• 'Top-Tier' Games Hit Mobile Devices

    OnLive, the pioneer streaming game service, yesterday (Dec. 8) launched an app for touch-screen tablets and smartphones, bringing casual gamers into the fold. The company has reprogrammed 25 of its games for handheld devices that were previously only available to PC and game console users.

    “With today’s launch, gamers can experience the same instant-play, top-tier games on tablets and smartphones, despite the fact that these games require vastly higher performance than is achievable on a mobile device,” OnLive’s chief executive officer Steve Perlman said in a statement. The new app can run games on high-speed Verizon’s and ATT 4G LTE networks and Wi-Fi.

    Casual gamers have flocked to games such as "Angry Birds" and "Words with Friends," games that use side-scrolling and text input for gameplay. OnLive hopes that this vast market is ready for more serious games. Headliners include popular third-person-shooter "L.A. Noire" from Rockstar games and the LEGO Harry Potter series. A new version of "Grand Theft Auto III" is scheduled for release on Dec. 15 as a native iOS and Android game.
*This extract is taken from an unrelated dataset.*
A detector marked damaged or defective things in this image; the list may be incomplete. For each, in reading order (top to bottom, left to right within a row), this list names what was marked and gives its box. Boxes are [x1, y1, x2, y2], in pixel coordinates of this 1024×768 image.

    Touch-screen virtual controls have been built into these new versions for play on tablets and some smartphones. OnLive games, which don’t yet have the virtual controls, can be played on mobile devices using OnLive’s universal controller, which will be available for $50 beginning Dec. 9.

    OnLive has the tablet market covered with support for the iPad 2, HTC Flyer, HTC Jetstream, Samsung Galaxy Tab, Motorola Xoom and the Amazon Kindle Fire.
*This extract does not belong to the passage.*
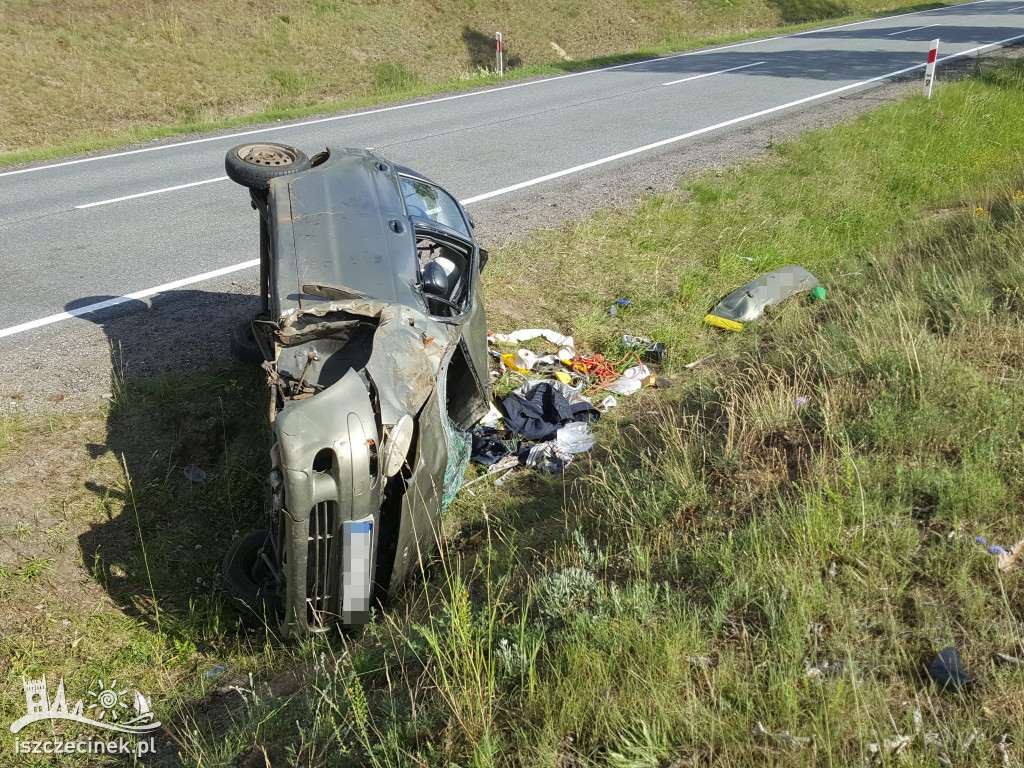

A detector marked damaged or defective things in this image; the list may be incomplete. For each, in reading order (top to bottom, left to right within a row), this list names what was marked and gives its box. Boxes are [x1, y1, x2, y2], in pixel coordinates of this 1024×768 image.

wrecked car [223, 144, 491, 638]
detached car body panel [227, 145, 487, 638]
    However, the company is still waiting for approval on its new app from Apple. The Android version is live on Google's Android Market.

    There are several advantages for hard-core gamers as well as casual gamers. Streaming games eliminate the need to buy hard copies of games and associated long download times. Because gameplay is saved on OnLive’s servers “in the cloud ,” players can easily switch from their phones or tablets back to a larger PC or TV screen and continue playing. OnLive members can rent games for around $2 for three to five days, buy them for $50 (which means they’ll always have access to the game) or subscribe to OnLive’s library for $10 a month.
    Comments 4 Comments
    1. mjmacky's Avatar
      mjmacky -
      I'm guessing this is similar to how Skyfire's browsing service worked, everything is being rendered on a virtual machine, including your interactions, and it's being fed back via video stream.
    1. Quarterquack's Avatar
      Quarterquack -
      Correct, macky. I've used OnLive for months now, even though some features aren't supposed to be Canada-side. Even this release isn't Canada sanctioned. The apk is floating around though.
    1. Cabalo's Avatar
      Cabalo -
      And the games run as smooth as if they were being processed locally on your pc?I always found this an intriguing technology.
    1. Quarterquack's Avatar
      Quarterquack -
      So there's obvious downsides with their model:1) The games usually don't run as smooth as local processing. There's a little latency issue. However, when on 3G running off an ISPs backbone I experience this very minimally. I only noticed this latter fact during the past couple of days when I'd play on the bus or during downtime, so it may just be a gigantic issue of in-town routing issues that cause the latency. I'm definitely not the only person who experiences the problems, though. The servers they have are highly capable, their software is smooth etc. The problem lies with data transfer speeds to be honest.2) Their pricing structure. I don't believe in paying full price to play some games. Given that the copy is only around until they deem it expired, I don't understand what I stand to gain by paying them full price. This whole "play on your phone anywhere" structure is a move in the right direction for bang per buck, but I still don't know why their pricings seem so ... off. Especially since there's no possibility of resale value.

      I also forgot resolution. The resolution is utter shit. But I guess if you're playing on the go with an iPad or Android Phone it's acceptable.